Immigration Act 2014
Beginning 1 December 2014, certain provisions of the Immigration Act 2014 (Act) will come into effect. These provisions will require private landlords to determine whether new tenants have the right to rent before letting a property to them.
The Act’s requirements will apply to:
- Landlords in Birmingham, Walsall, Sandwell, Dudley and Wolverhampton;
- New tenancy agreements starting on or after 1 December 2014; and
- All adults aged 18 and over living at the property.
What is required?
Under the Act, landlords must review the documentation of anyone who applies to rent a property and determine whether he or she has the ‘right to rent’. Checks must be carried out on all potential adult occupiers of the property and must be performed before the tenants move in.

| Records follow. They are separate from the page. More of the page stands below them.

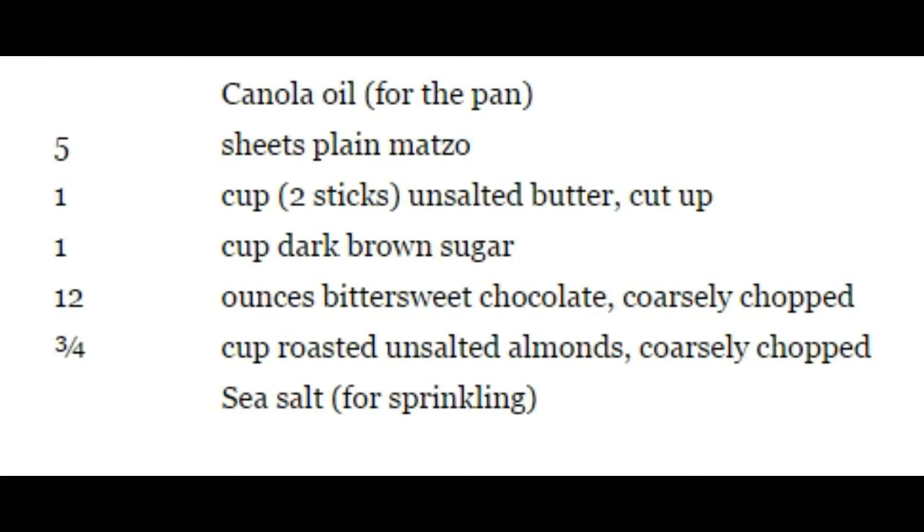Step one. Set the oven at 350 degrees. Brush a rimmed baking sheet, 11 by 16 inches, with a faint amount of oil. Line it with parchment paper, letting the paper come up the sides of the pan and pressing the paper into the oil so it stays in place. Step two. Set the matzos on the sheet, cutting one into pieces to fill the empty spaces. The sheet should be completely covered in one layer. You will not need all of the fifth sheet.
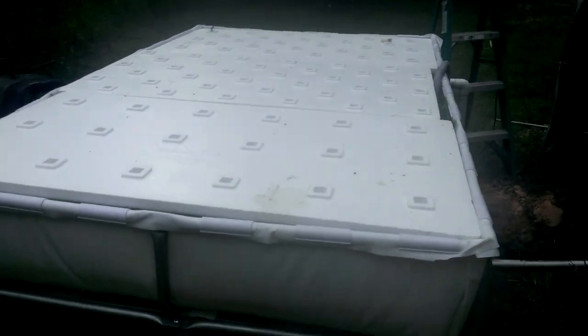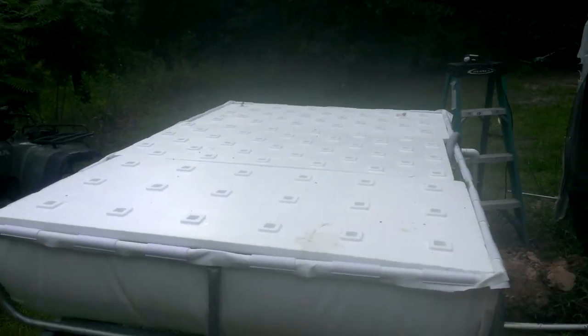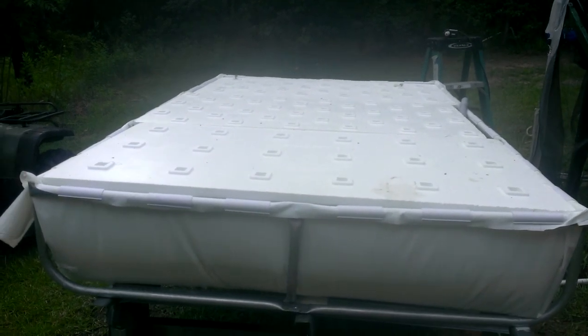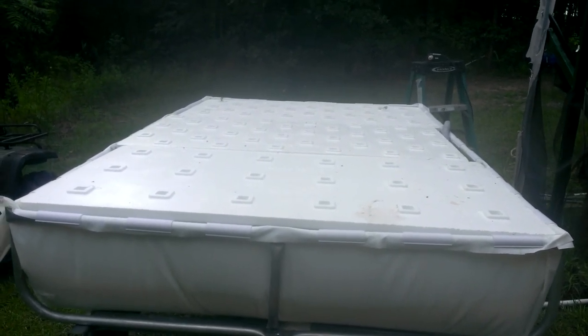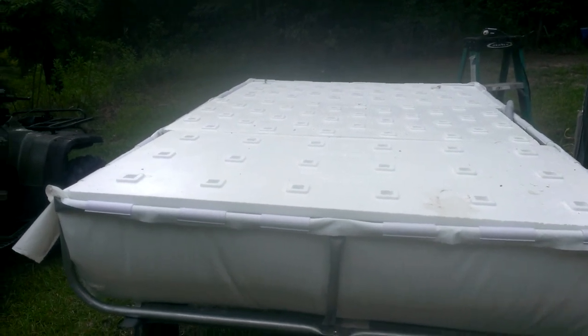Alright guys, just finished up with our Rathmaster. We think we have it — we'll find out. Making sure everything is working right, we're watching water levels very closely to make sure they don't get too high. Looks like we may have to do a little adjustment.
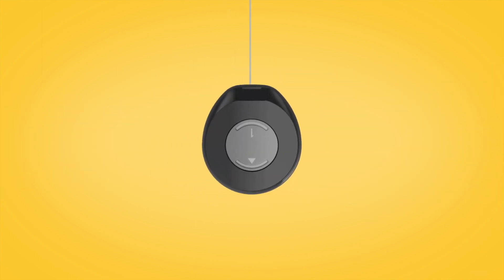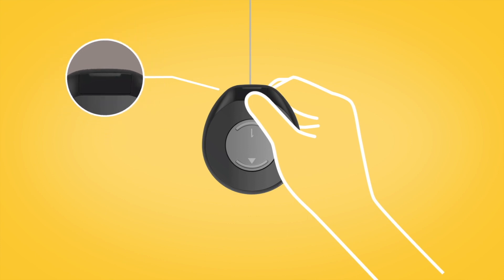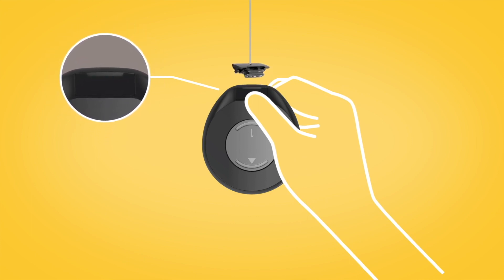To remove a safety line from your sound processor, place your thumbnail in the slot at the base and lift it from the socket.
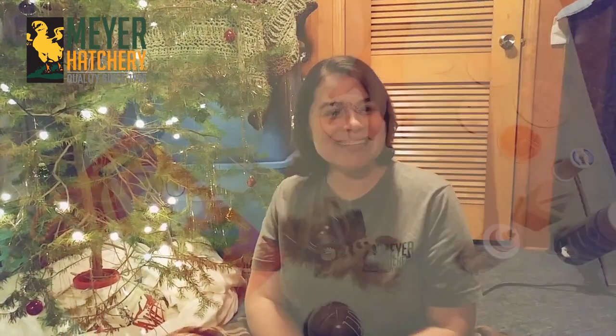Hey everyone, it's Jess from Meyer Hatchery and welcome to a special holiday episode of Meyer Makes. One of my favorite things to do this time of year is find a really snuggly blanket and make ornaments for my tree. Today we're going to make three special ornaments. Let's go ahead and get started.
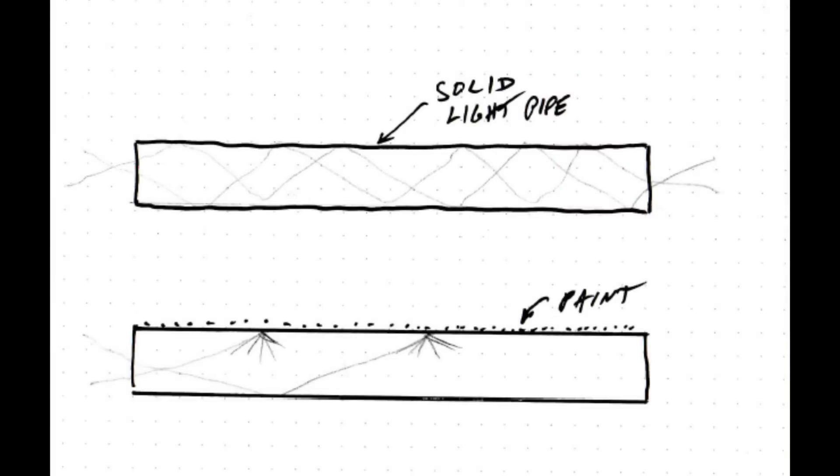So let's look at the upper diagram. It's a solid light pipe — imagine this is like a glass stirring rod that you've just cut off. If light goes in one end, it'll rattle around in there and then come out the other end. That's what a light pipe does. It rattles around because of total internal reflection. It won't come out the sides; the geometry is such that there are no rays that can exit the sides — they can bounce off the sides, but they can't exit the sides. They go out the other end.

According to the Home Office, there are four basic steps of conducting an initial right-to-rent check:
- Establish who will be living in the property;
- Obtain original versions of the acceptable documents for all adult occupiers;
- Check the documents in the presence of the holder; and
- Make copies of the documents, date them and keep them safe.
If landlords discover that an individual does not have the right to rent, they are prohibited from letting a property to that person.
In some cases, initial checks will show that a person only has the right to reside in the United Kingdom for a limited period of time. In these cases, landlords must perform a follow-up check. If a follow-up check shows that a person no longer has the right to rent, the landlord must make a report with the Home Office.
Who has the ‘right to rent’?
Those with a ‘right to rent’ include British citizens, EEA and Swiss nationals and those with permission to enter and remain in the United Kingdom.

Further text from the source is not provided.